A famous result by Thom states that Oriented Bordism classes are determined by characteristic numbers; specifically, two closed manifolds are orientedly bordant if and only if they have the same Stiefel-Whitney and Pontryagin numbers (I'll just talk about Stiefel-Whitney for brevity). An immediate consequence is that if $M$ is a closed manifold which has a non-vanishing Stiefel-Whitney number involving $w_k$ for some $k$, then $w_k(N)\neq 0$ for any $N$ which is bordant to $M$; in other words this non-vanishing characteristic number provides a "bordism reason" for why a characteristic class should be non-zero.
My question concerns the converse. Given an $M$, suppose that for some $k$ every Steifel-Whitney number involving $w_k$ vanishes, so that there is "no bordism reason" for the class to be non-vanishing: is it then possible to find an $N$ which is bordant to $M$ and has $w_k(N)=0$? If so, is it possible to simultaneously eliminate all classes which have no bordism reason to be non-zero?

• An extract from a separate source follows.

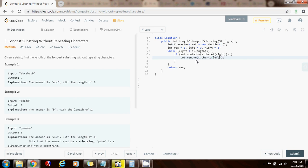So set.remove s.charAt(left). And when I remove it I also increment the left, because that way I can start checking from the next character for a new substring.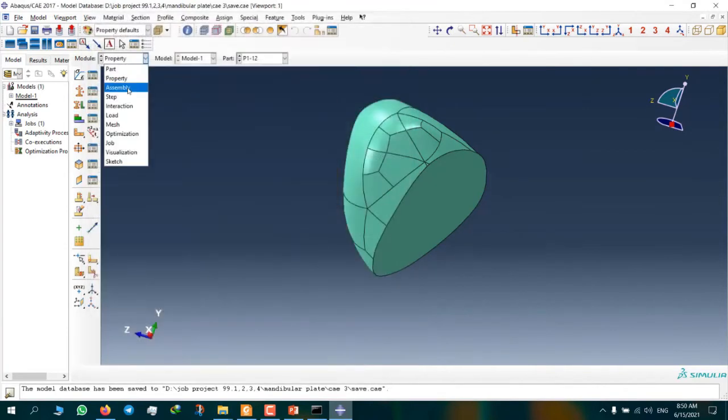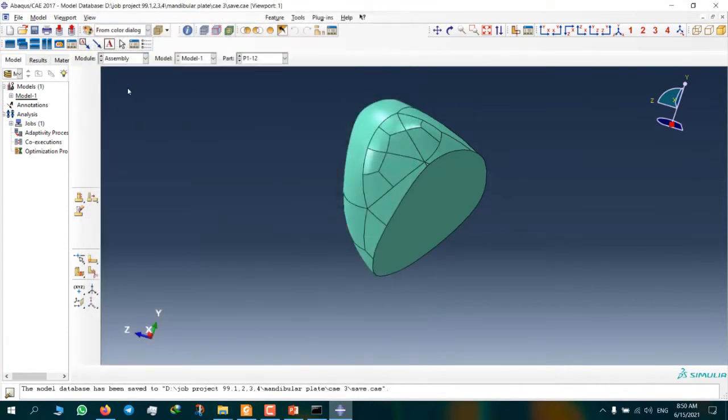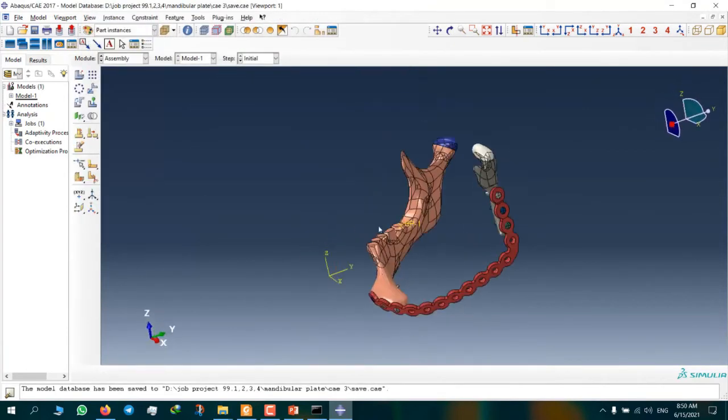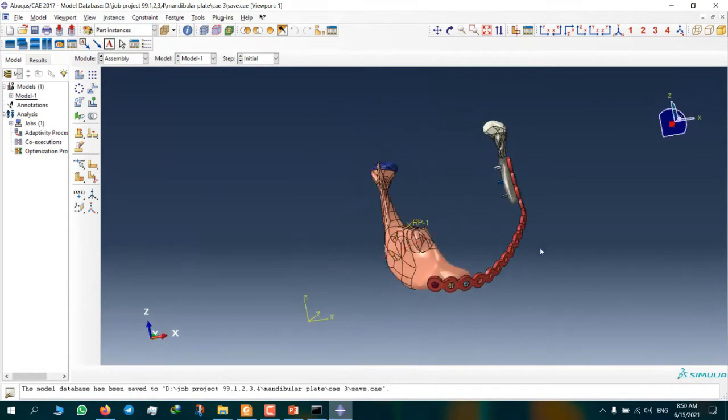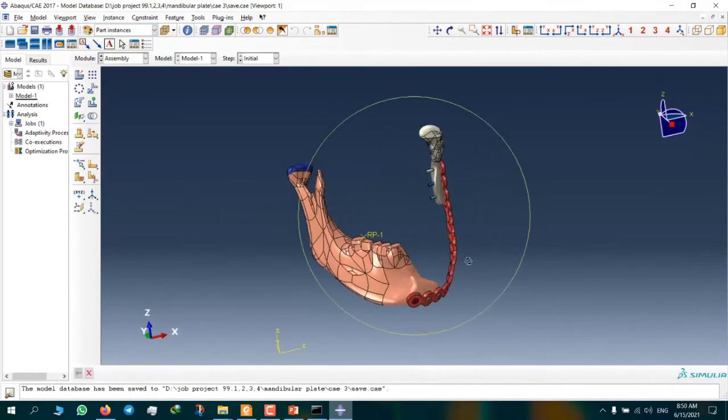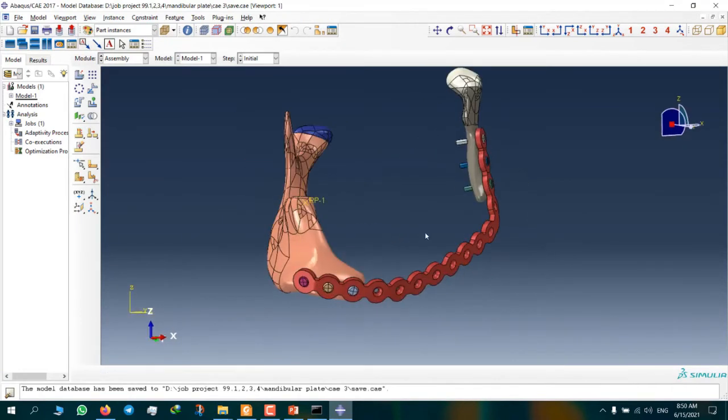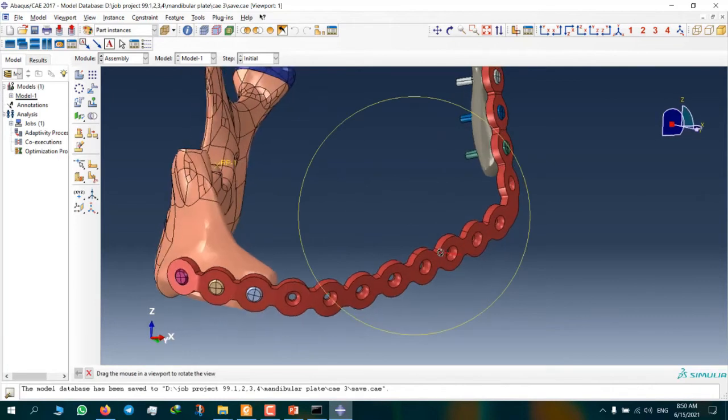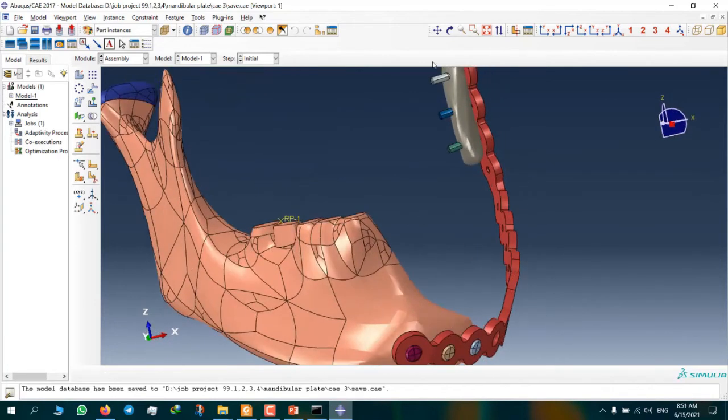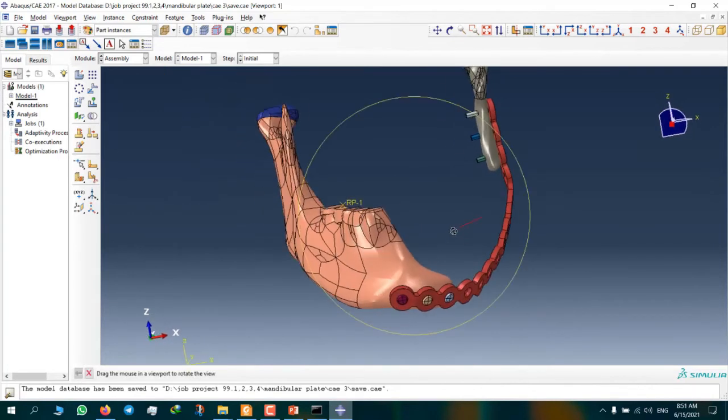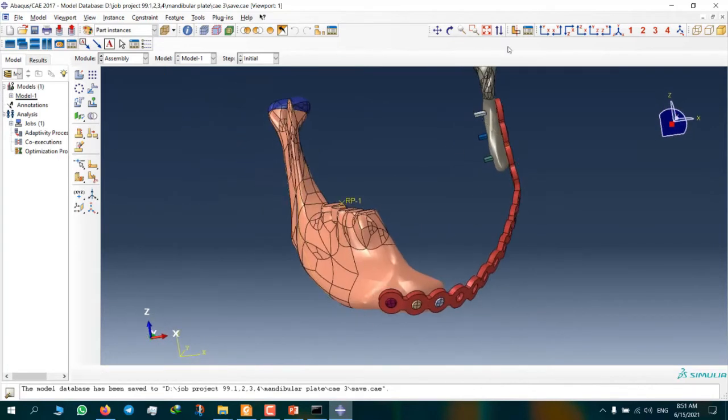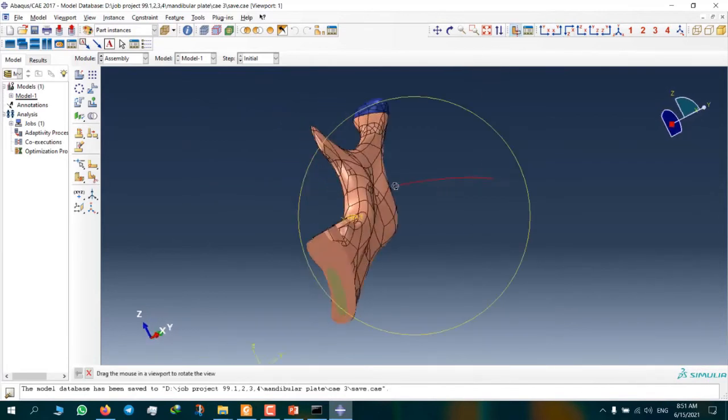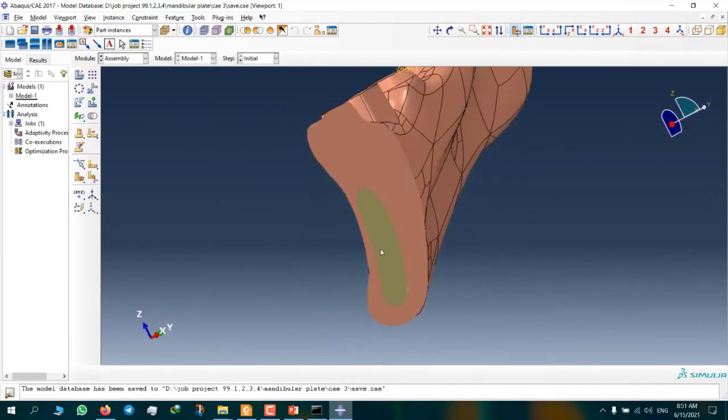Now here, this is our model, this is our plate, a mandibular plate, and these are screws. After that, I can show you this is a spongy bone.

This seems like something which maybe shouldn't be expected since characteristic classes often provide obstructions to doing surgery, and two manifolds are orientedly bordant exactly when they differ by a finite sequence of surgeries. On the other hand the manifold $\mathbb{CP}^n\#\overline{\mathbb{CP}^n}$ is null-bordant even though it has many non-vanishing characteristic classes for $n>1$ (half the time it isn't even spin).